Stored data
━━━━━━
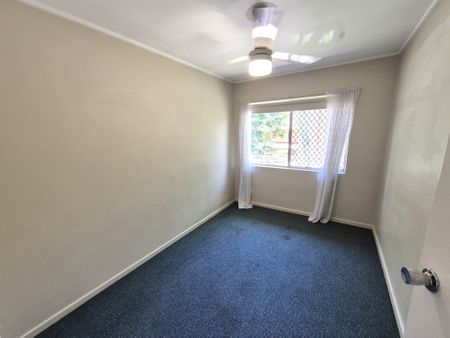 2/27 Collins Street, Clayfield QLD, Belconnen - Photo 3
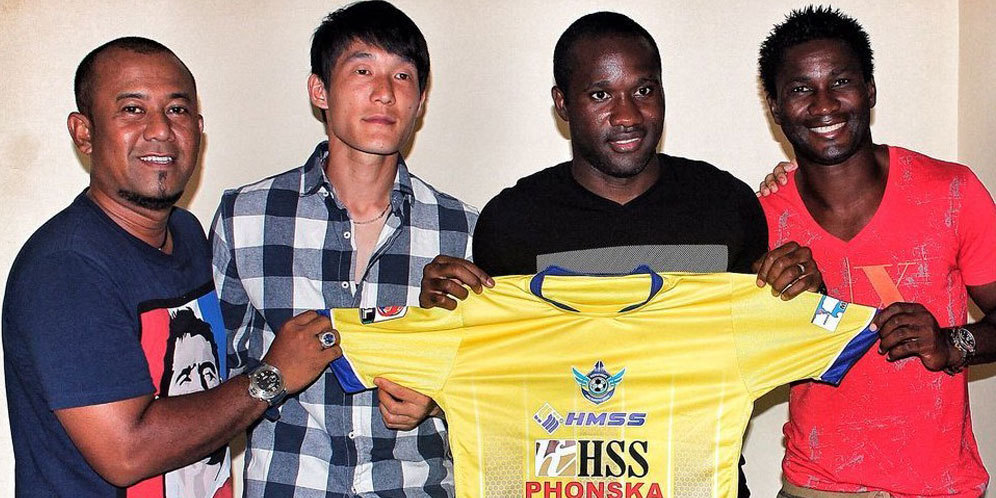 Gresik United Resmi Depak Emile Mbamba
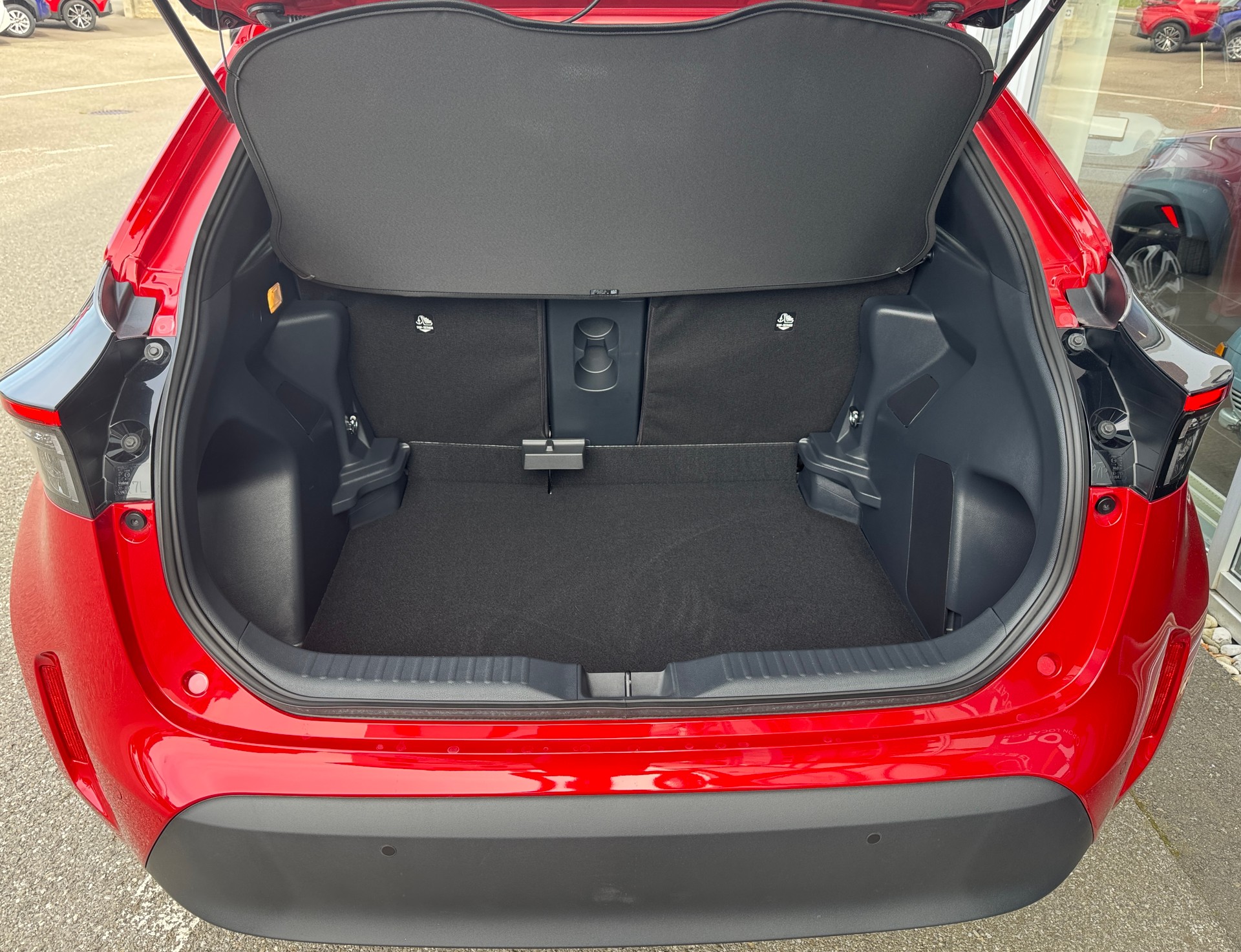 TOYOTA Yaris Cross 1.5 Trend e-CVT-image-8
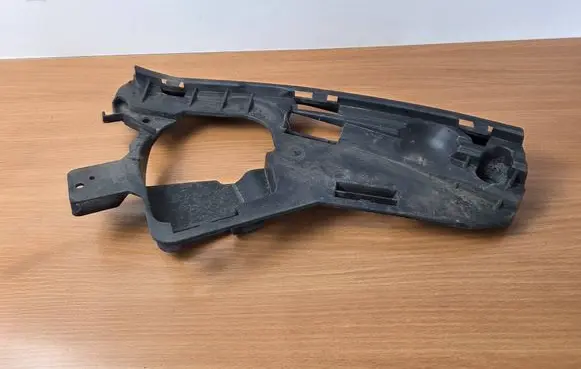 Volvo XC60 Headlight/headlamp mounting bracket 31383886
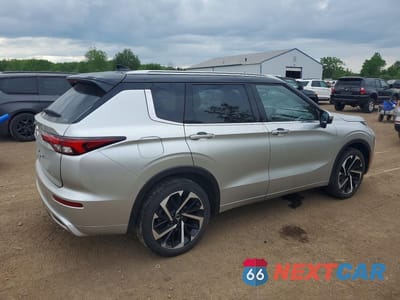 Trzecie zdjęcie samochodu z tyłu: 2023 MITSUBISHI OUTLANDER SEL VIN:JA4J4VA85PZ044747 - miniatura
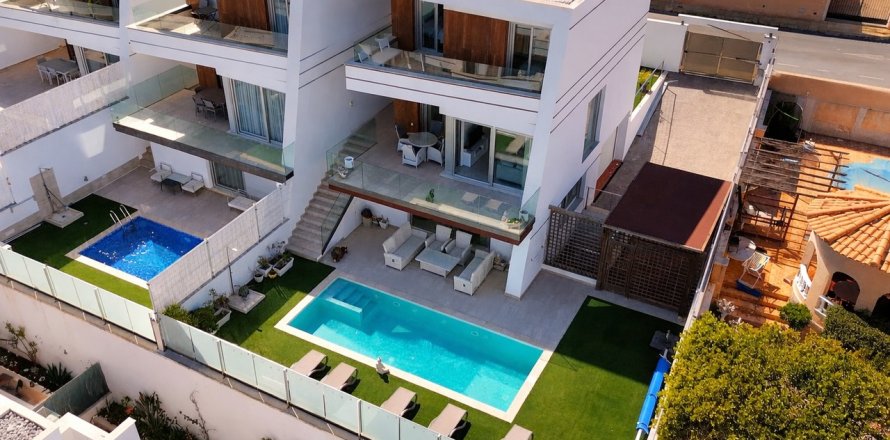 Villa a Villamartin, Alicante, Spagna 3 camere da letto, 102 mq. N° 161061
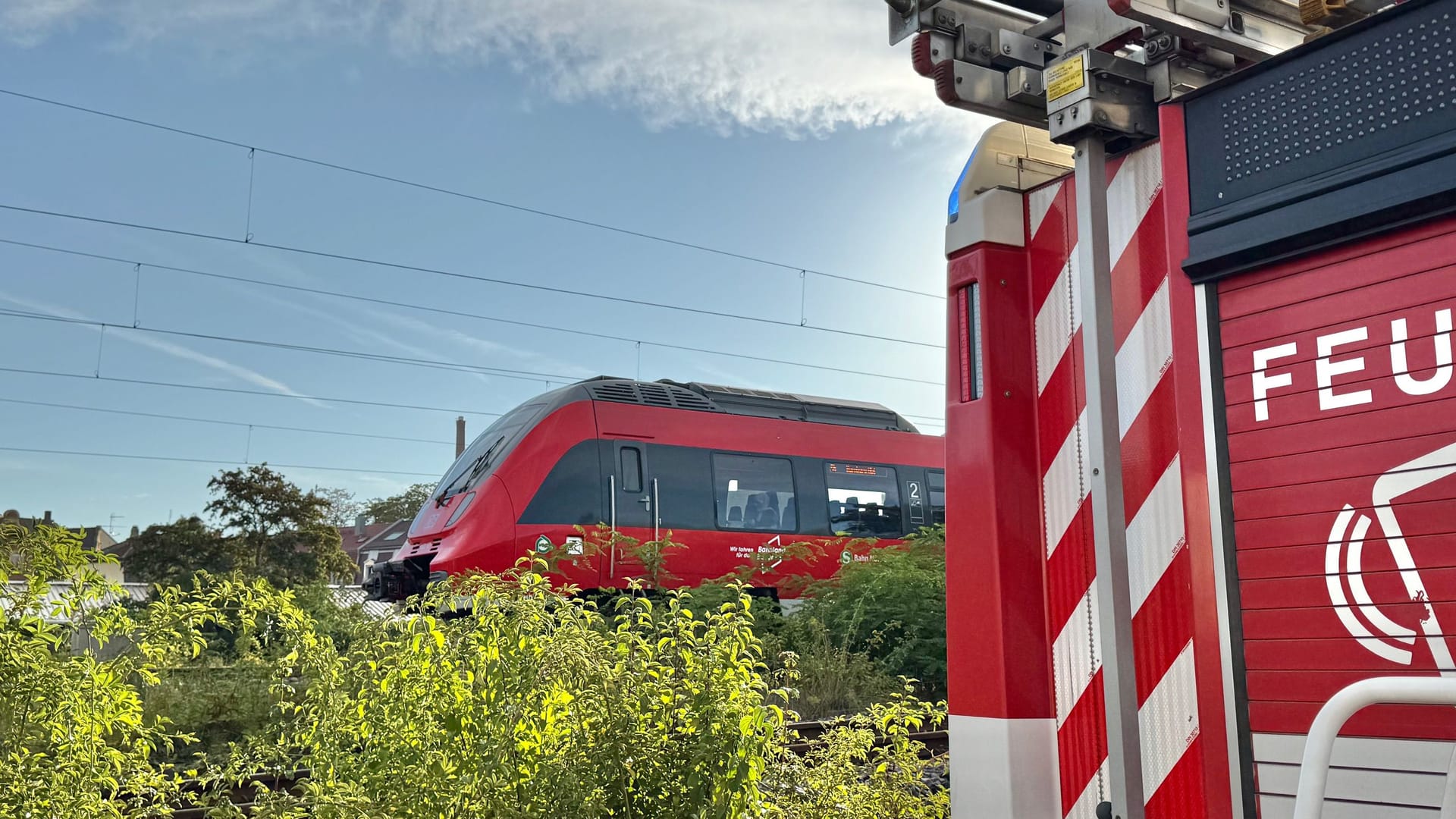 Eine S-Bahn steht zwischen Nürnberg und Fürth auf den Gleisen: In der Nähe der Sigmundstraße sind derzeit Rettungskräfte im Einsatz.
━━━━━━
- **Task to complete**
Only an exact, picture-free copy of the entries counts as the answer.

- **Completed exercise**
 2/27 Collins Street, Clayfield QLD, Belconnen - Photo 3
 Gresik United Resmi Depak Emile Mbamba
 TOYOTA Yaris Cross 1.5 Trend e-CVT-image-8
 Volvo XC60 Headlight/headlamp mounting bracket 31383886
 Trzecie zdjęcie samochodu z tyłu: 2023 MITSUBISHI OUTLANDER SEL VIN:JA4J4VA85PZ044747 - miniatura
 Villa a Villamartin, Alicante, Spagna 3 camere da letto, 102 mq. N° 161061
 Eine S-Bahn steht zwischen Nürnberg und Fürth auf den Gleisen: In der Nähe der Sigmundstraße sind derzeit Rettungskräfte im Einsatz.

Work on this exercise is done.